Exercise aim:
Your task is to copy every line of the entries that holds the word "with".

[Records excerpted from a collection]
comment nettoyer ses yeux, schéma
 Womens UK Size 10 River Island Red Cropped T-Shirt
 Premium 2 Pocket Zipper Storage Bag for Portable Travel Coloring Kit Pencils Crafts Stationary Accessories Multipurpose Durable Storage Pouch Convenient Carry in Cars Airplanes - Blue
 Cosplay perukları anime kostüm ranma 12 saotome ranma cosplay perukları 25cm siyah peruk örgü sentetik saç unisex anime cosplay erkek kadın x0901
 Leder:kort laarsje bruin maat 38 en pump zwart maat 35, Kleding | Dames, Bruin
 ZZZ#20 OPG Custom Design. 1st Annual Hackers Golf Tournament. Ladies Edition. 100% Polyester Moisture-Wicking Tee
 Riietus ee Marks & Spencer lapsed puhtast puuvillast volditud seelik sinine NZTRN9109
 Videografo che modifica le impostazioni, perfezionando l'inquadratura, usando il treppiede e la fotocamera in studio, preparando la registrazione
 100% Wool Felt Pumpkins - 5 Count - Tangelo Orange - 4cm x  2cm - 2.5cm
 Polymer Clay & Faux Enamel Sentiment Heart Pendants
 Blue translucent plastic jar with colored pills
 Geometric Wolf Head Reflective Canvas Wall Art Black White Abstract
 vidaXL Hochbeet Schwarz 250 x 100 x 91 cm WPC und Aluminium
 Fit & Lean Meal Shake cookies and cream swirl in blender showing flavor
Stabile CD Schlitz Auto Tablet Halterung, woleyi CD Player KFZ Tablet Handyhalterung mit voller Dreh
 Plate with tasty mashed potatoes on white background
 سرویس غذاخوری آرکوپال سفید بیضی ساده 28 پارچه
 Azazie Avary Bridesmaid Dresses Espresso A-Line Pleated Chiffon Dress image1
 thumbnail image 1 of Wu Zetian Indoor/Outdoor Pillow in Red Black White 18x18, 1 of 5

Response to this exercise:
 Blue translucent plastic jar with colored pills
 Plate with tasty mashed potatoes on white background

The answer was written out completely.